EXERCISE BRIEF
The whole listing is to be restated word for word with no images.

SUPPLIED RECORDS

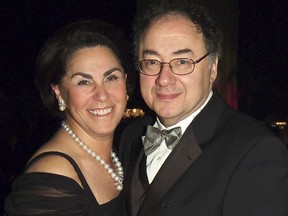 Barry Sherman, chairman and CEO of Apotex, with wife Honey.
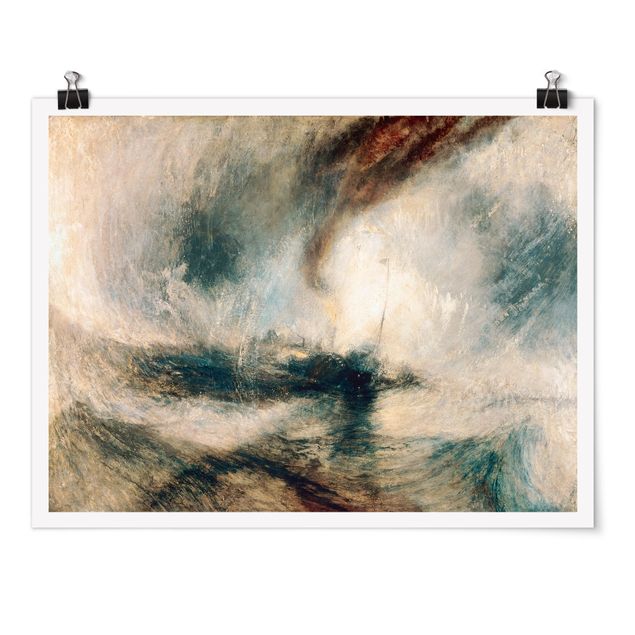 Posters William Turner - Snow Storm - Steam-Boat Off A Harbour’S Mouth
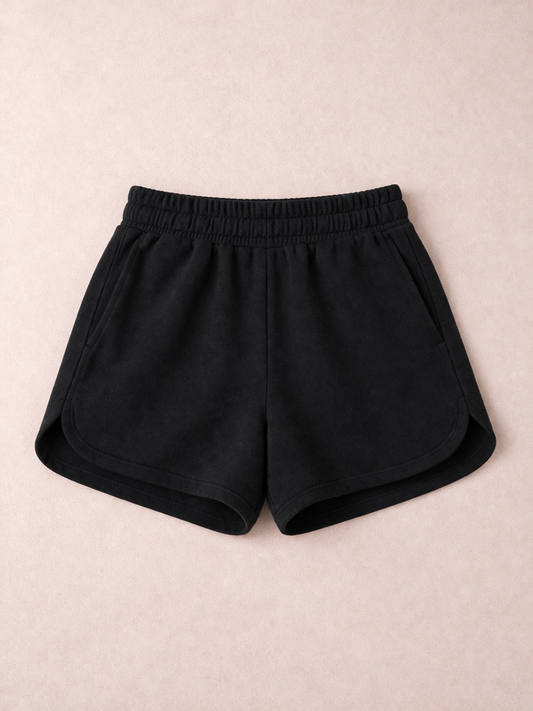 Fleece Black Shorts (Case Pack: 2S,2M,2L)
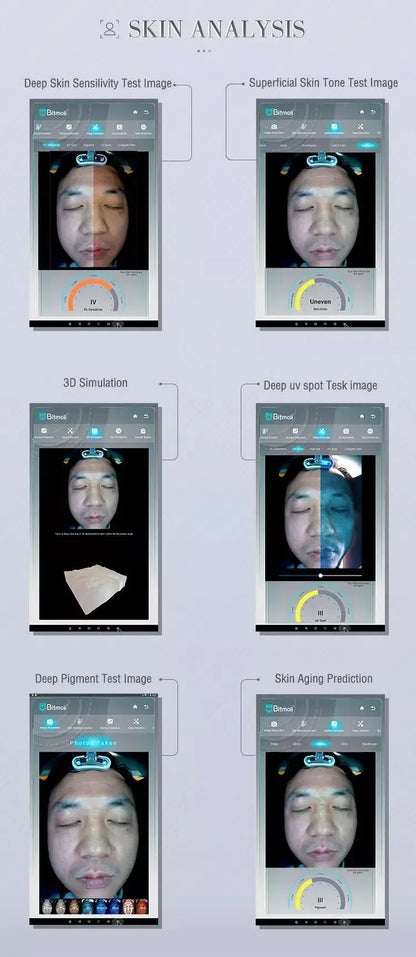 3D Skin Analyzer Machine Professional 3D Three - Dimensional Magic Mirror Skin Analysis Scanner Detector for Salon - Ai - TechWorld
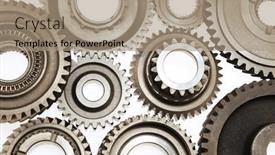  Presentation with metal - Theme having close-up-of-old-metal background and a coral colored foreground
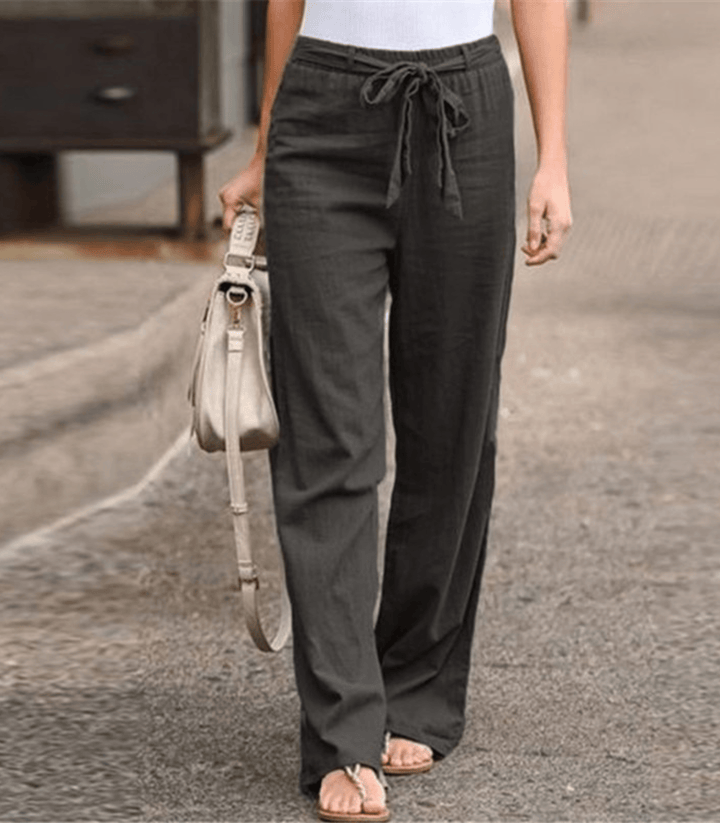 Levoire | Pantalon Droit D'été Pour Femme - Cordon De Serrage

EXERCISE ANSWER
 Barry Sherman, chairman and CEO of Apotex, with wife Honey.
 Posters William Turner - Snow Storm - Steam-Boat Off A Harbour’S Mouth
 Fleece Black Shorts (Case Pack: 2S,2M,2L)
 3D Skin Analyzer Machine Professional 3D Three - Dimensional Magic Mirror Skin Analysis Scanner Detector for Salon - Ai - TechWorld
  Presentation with metal - Theme having close-up-of-old-metal background and a coral colored foreground
 Levoire | Pantalon Droit D'été Pour Femme - Cordon De Serrage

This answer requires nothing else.